Speaker diarization is an important and dedicated domain of speech research in which the number of speakers involved as well as the intervals during which each speaker is active is determined in an unsupervised fashion. It has a utility in a majority of applications related to audio and/or video document processing. We are interested in its application in financial services where the automatic detection of the number of speakers during phone conversations of traders, wealth brokers and contact center workers and the periods where each speaker is active could facilitate the delivery of regulatory requirements.
A typical speaker diarization system usually consists of four primary components:
1. Speech segmentation, where the input audio is segmented into short sections to reduce the chance of having more than one speaker per section. Non-speech sections are also filtered out at this stage.
2. Audio embedding extraction, where specific features that contain unique characteristics of the speaker are extracted from the segmented sections.
3. Clustering, where the extracted audio embeddings are clustered. A cluster per speaker Id is formed at this phase of the process.
4. Re-segmentation, where the clustering results are further refined to provide the final diarization results.
The main concentration of this research is on the second component, i.e. audio embedding extraction.
For many years, identity-vector (i-vector)-based audio embedding has been the dominant approach for speaker diarization. However, recently, neural network-based audio embedding has gained some attention. For instance, authors have used an LSTM network to extract audio embeddings. But, LSTM networks perform best on sequential data and the sequential nature of the audio signal has limited impact on the features that identify the unique characteristics of the speaker. Hence, LSTM networks might not be the best type of neural networks to solve this problem. On the other hand, Siamese networks have shown lots of potential in finding similarities and relationships between two comparable objects, with face recognition
being a good example of this. This work concentrates on this class of neural networks and proposes a modified version of the Siamese network for the audio embedding extraction problem. Our modified version incorporates an auxiliary loss to ensure the convergence of the model. In addition, slow cooling was implemented to facilitate the exploration of the search space*.
To train the model, a large number of audio recordings with/without background noise, i.e. babble noise, music noise, street noise, car noise and white noise, were used.
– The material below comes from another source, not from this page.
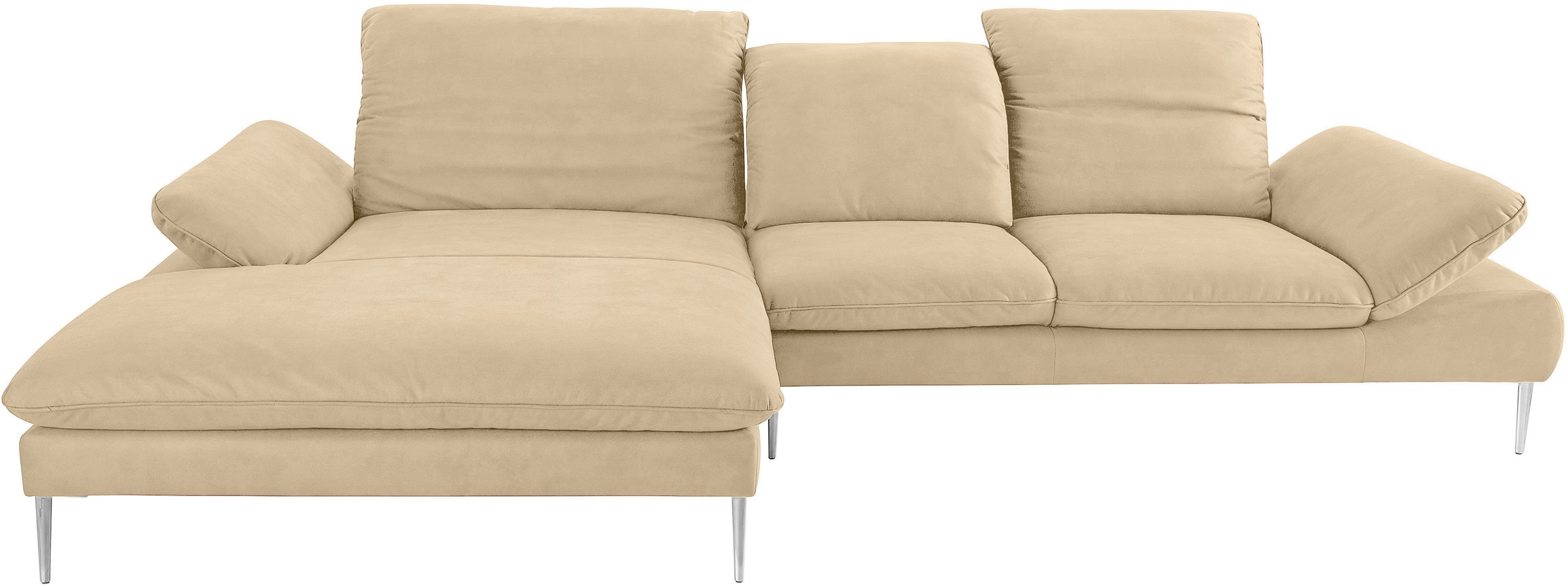 W.SCHILLIG Ecksofa »enjoy&MORE, Designsofa, bequem, zeitlos und elegant, L-Form«, mit Sitztiefenverstellung, Füße Chrom glänzend, Breite 340 cm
Our training dataset contains voices equally split between male and female speakers, and of 27 different common languages. Finally, we tested the accuracy of our model on our test dataset that contains two minutes recordings of either one or two speaker(s) speaking the same language with/without the same accent. The accuracy achieved on our test data is 98.69%.
Below is a short video of the performance of the trained model on three cases of one minute recordings of two speakers with/without background noise. The speech segmentation has been done using our previous work and no re-segmentation method has been applied to refine the results of the clustering:
It should be noted that the most difficult situation happens when both speakers are from the same gender and have the same accent. As can be seen in this video, the model does a good job in all those cases. Also, it is worth mentioning that the voice of these speakers were not used to train the model.